● **Task data**
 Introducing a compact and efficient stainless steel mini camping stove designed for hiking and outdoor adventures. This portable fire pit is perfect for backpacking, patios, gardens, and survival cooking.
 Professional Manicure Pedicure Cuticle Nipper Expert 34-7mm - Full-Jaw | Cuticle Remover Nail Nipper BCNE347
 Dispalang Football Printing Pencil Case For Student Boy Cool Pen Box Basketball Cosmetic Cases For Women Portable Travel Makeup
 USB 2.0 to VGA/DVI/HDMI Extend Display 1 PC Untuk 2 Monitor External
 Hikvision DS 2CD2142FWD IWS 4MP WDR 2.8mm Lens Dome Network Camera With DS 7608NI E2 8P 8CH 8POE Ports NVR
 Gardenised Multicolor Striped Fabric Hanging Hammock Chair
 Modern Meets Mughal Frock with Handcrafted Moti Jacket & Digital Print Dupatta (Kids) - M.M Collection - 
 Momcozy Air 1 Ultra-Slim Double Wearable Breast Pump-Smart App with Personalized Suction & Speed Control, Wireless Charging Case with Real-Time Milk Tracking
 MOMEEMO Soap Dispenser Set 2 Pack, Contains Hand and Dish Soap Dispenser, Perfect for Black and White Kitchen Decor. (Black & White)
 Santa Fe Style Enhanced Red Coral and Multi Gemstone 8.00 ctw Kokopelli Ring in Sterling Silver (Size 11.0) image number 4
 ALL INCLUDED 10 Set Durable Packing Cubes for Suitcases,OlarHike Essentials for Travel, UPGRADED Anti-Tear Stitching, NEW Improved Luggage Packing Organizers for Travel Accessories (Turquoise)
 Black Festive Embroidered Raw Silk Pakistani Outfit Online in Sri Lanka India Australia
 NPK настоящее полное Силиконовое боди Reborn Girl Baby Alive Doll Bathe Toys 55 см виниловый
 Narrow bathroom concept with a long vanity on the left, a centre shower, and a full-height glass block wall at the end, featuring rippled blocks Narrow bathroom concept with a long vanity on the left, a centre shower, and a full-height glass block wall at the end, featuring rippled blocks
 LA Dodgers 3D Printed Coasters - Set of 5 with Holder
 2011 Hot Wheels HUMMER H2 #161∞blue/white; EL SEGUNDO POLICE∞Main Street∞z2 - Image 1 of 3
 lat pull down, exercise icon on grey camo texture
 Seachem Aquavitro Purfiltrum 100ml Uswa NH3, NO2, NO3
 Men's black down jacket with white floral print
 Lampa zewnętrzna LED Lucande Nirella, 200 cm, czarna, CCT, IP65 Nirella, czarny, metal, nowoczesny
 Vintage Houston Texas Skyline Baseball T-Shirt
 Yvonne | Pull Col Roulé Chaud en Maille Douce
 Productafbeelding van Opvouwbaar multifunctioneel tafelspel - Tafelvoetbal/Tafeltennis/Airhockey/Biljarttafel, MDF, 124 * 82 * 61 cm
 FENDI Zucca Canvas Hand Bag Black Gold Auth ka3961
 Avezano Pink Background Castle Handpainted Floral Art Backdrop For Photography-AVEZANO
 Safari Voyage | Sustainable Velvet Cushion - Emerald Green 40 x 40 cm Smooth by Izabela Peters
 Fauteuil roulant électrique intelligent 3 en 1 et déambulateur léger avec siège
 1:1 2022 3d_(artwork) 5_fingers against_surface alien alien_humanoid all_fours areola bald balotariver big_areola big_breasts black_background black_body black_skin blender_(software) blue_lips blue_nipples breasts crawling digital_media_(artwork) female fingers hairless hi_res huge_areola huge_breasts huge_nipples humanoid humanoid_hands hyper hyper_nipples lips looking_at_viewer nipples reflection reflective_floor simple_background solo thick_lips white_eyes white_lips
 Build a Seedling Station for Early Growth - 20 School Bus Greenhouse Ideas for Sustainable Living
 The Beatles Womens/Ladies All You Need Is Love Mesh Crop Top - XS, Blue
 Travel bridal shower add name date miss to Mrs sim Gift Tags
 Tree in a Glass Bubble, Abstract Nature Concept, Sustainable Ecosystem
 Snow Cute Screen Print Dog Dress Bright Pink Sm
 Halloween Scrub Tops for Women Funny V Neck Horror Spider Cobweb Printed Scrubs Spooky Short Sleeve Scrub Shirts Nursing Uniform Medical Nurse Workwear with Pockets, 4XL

● **Your goal**
In the listing above, please print only the lines from the first one to the line where "Gardenised Multicolor Striped" appears, exactly as written, both of those lines included.

● **Task result**
 Introducing a compact and efficient stainless steel mini camping stove designed for hiking and outdoor adventures. This portable fire pit is perfect for backpacking, patios, gardens, and survival cooking.
 Professional Manicure Pedicure Cuticle Nipper Expert 34-7mm - Full-Jaw | Cuticle Remover Nail Nipper BCNE347
 Dispalang Football Printing Pencil Case For Student Boy Cool Pen Box Basketball Cosmetic Cases For Women Portable Travel Makeup
 USB 2.0 to VGA/DVI/HDMI Extend Display 1 PC Untuk 2 Monitor External
 Hikvision DS 2CD2142FWD IWS 4MP WDR 2.8mm Lens Dome Network Camera With DS 7608NI E2 8P 8CH 8POE Ports NVR
 Gardenised Multicolor Striped Fabric Hanging Hammock Chair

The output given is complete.